(Stored data begins)
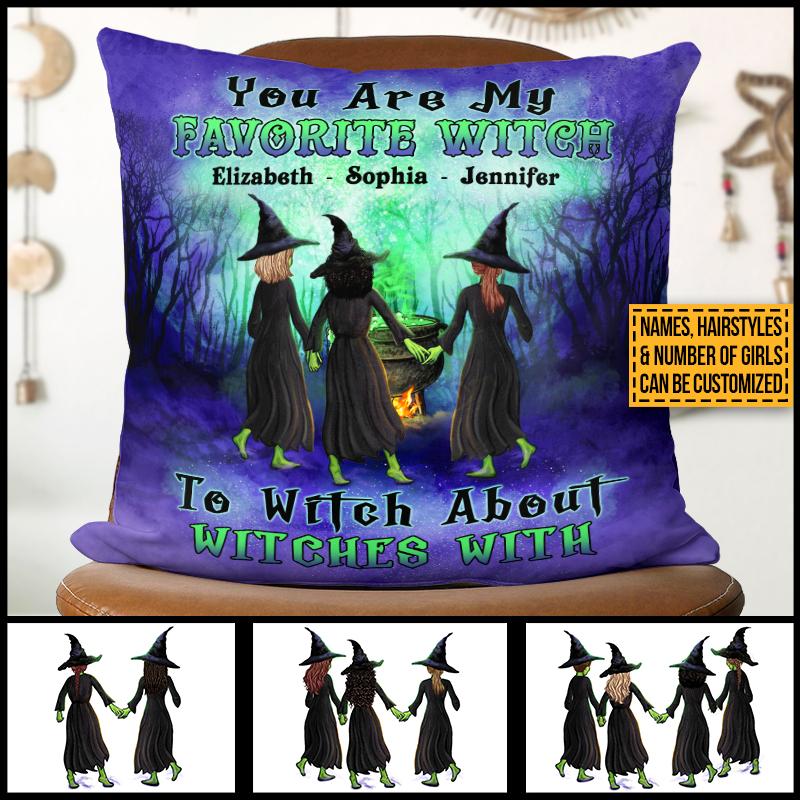 Witch Bestie You’Re My Favorite Witch Custom Pillow, Halloween, Bestie Gifts, Friendship Pillow, Home Decor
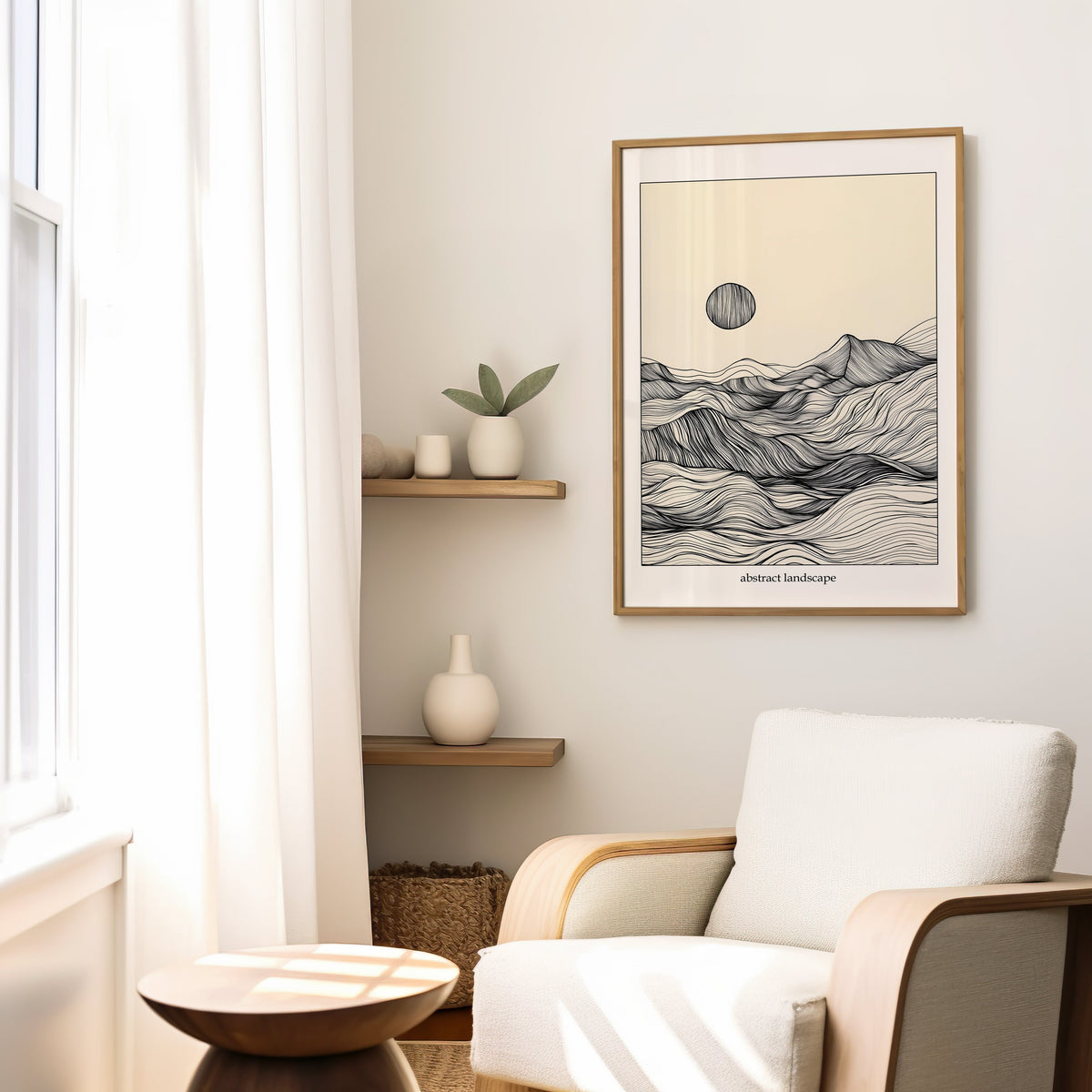 Line art mountain and sun abstract landscape print in a slim oak frame above a cream boucle armchair by floating shelves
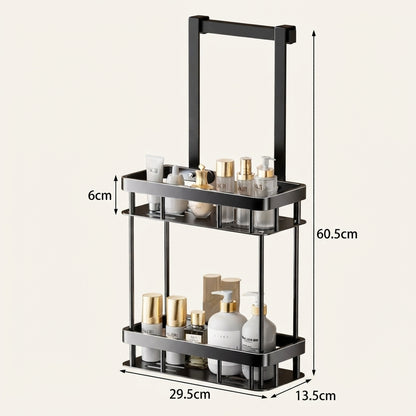 Tiered over-door shower caddy with dimensions: 29.5cm wide, 60.5cm tall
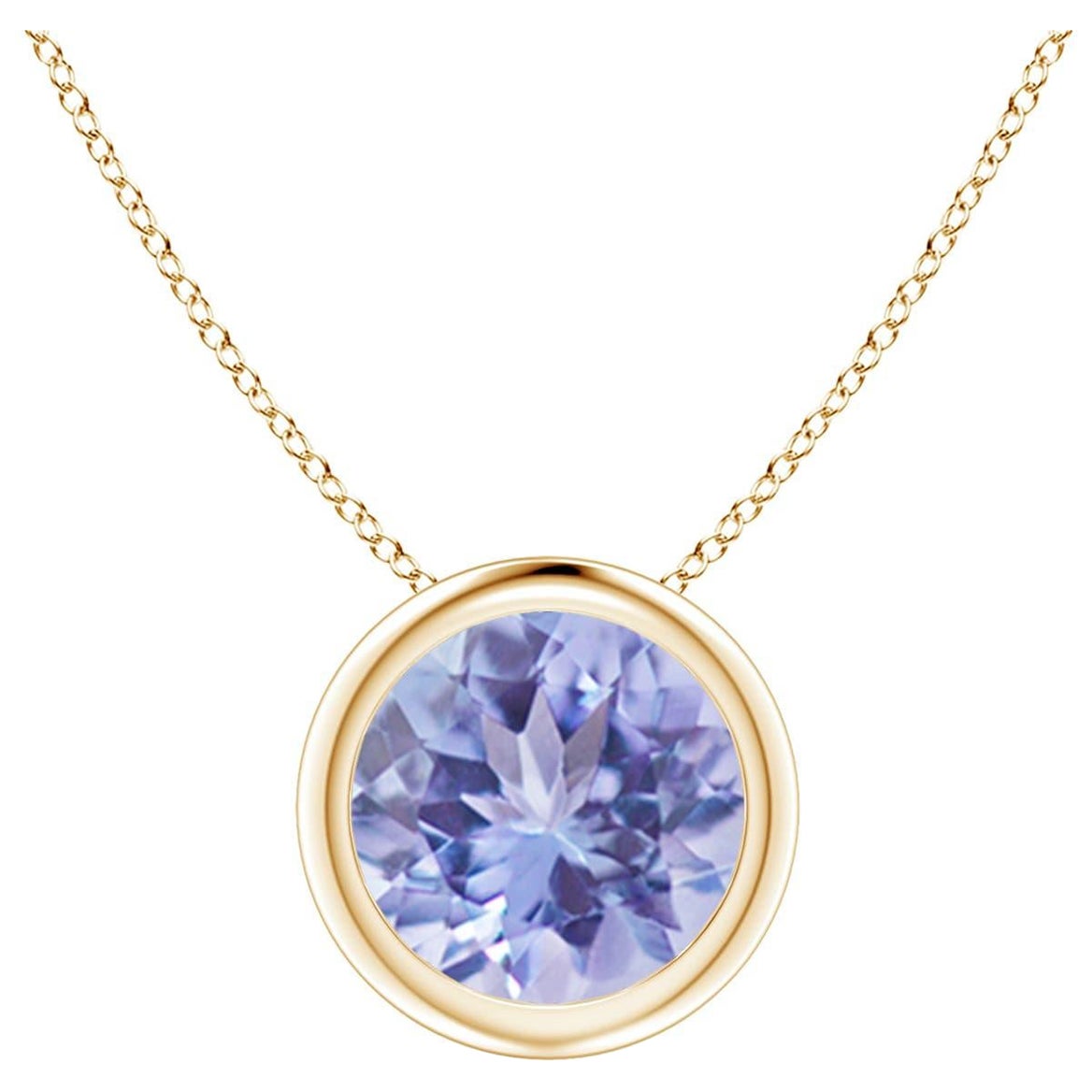 Pendentif solitaire rond en or jaune 14 carats serti d'une tanzanite naturelle de 1,45 carat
(Stored data ends)
Required action: Return every line shown above without changing a word, and skip the pictures.

Solution:
 Witch Bestie You’Re My Favorite Witch Custom Pillow, Halloween, Bestie Gifts, Friendship Pillow, Home Decor
 Line art mountain and sun abstract landscape print in a slim oak frame above a cream boucle armchair by floating shelves
 Tiered over-door shower caddy with dimensions: 29.5cm wide, 60.5cm tall
 Pendentif solitaire rond en or jaune 14 carats serti d'une tanzanite naturelle de 1,45 carat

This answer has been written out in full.